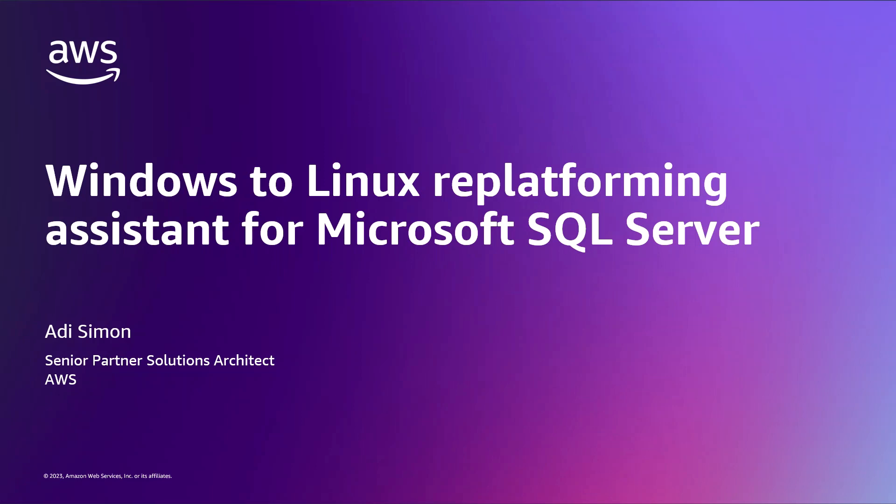Hello, my name is R.D. Simon, a solutions architect here at AWS. In this video, I'm going to show you how to take an existing Microsoft SQL Server database running on Windows Server and replatform it onto a Linux server using a scripting tool provided by AWS called the Windows to Linux Replatforming Assistant for Microsoft SQL Server.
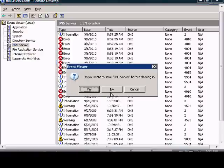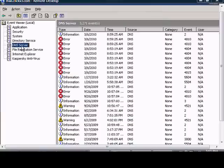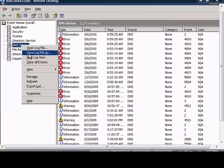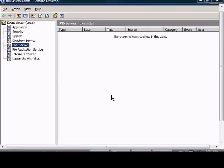And before clearing, you can choose to save the file if you want. Go ahead and click save. Choose the location and pick a name for that. And then when done, you can just go ahead and choose no if you'd like to do that, and the log files are cleared.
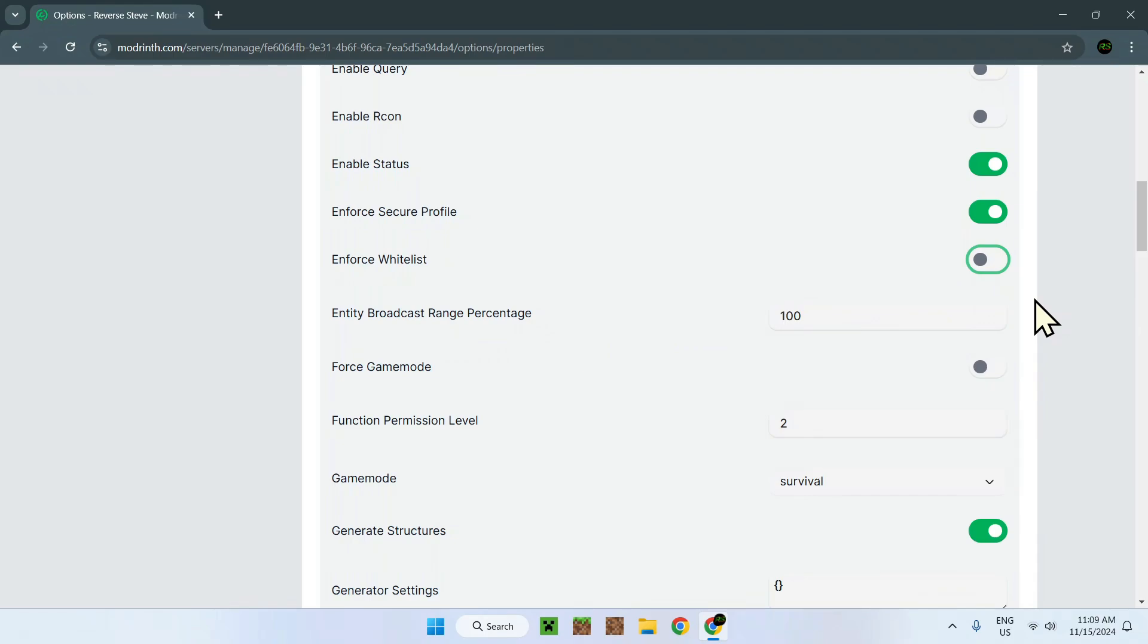Entity broadcast range percentage. This is anything to do with a Minecraft world. How far is an entity. Here we can see 100% of the range, aka the view distance or simulation distance of any player.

*WORK REQUIRED*: A faithful copy is needed of the lines from the one containing "And before clearing, you" through the last line of the data above, with pictures left out.

*YOUR RESPONSE*:
And before clearing, you can choose to save the file if you want. Go ahead and click save. Choose the location and pick a name for that. And then when done, you can just go ahead and choose no if you'd like to do that, and the log files are cleared.
Entity broadcast range percentage. This is anything to do with a Minecraft world. How far is an entity. Here we can see 100% of the range, aka the view distance or simulation distance of any player.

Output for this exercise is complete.